Shown during the webcast, excerpts from such videotaped testimonies help in providing a better picture of the real life in the Terezín reception camp, complete with all the accompanying risks and dangerous events, the so-called distance relationships between partners separated by the Nazis, with one of them still being free and the other deported to the Ghetto. Other subjects discussed in the online seminar feature weddings in the Ghetto, the sorry plight of pregnant inmates, as well as the hopes of those women who had become pregnant still before the last wave of transports from Terezín to Auschwitz-Birkenau in the fall of 1944 and who gave birth to their children shortly before the liberation of the camp in the spring of 1945.

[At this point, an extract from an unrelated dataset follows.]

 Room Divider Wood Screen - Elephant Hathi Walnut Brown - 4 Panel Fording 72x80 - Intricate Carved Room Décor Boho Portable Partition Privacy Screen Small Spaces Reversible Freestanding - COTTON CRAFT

The webinar´s online audiences are encouraged by the lecturer to contemplate issues concerning partner relations: on the one hand, love bonds might have brought to young inmates greater mental strength and faith in their survival and – on the other hand – might have caused them great grief over separation of the new couple due to the deportation of both lovers, each to a different repressive facility.
In addition to excerpts from videotaped testimonies by Holocaust survivors, the workshop makes good use of another didactic aid: a sequence from the Czech movie Transport z ráje (Transport from the Paradise, 1962) directed by Zdeněk Brynych and based on short stories by Arnošt Lustig, former Terezín Ghetto inmate. This particular screening helps audiences in grasping the actual differences between portrayals of life in the Ghetto presented in an artistic garb in a feature film and historical texts or documentary sources of various provenances, including authentic narratives by eye-witnesses of past events.
In its offline version the workshop has already been incorporated into the offer of the Memorial´s educational programs for elementary and secondary schools held in Terezín.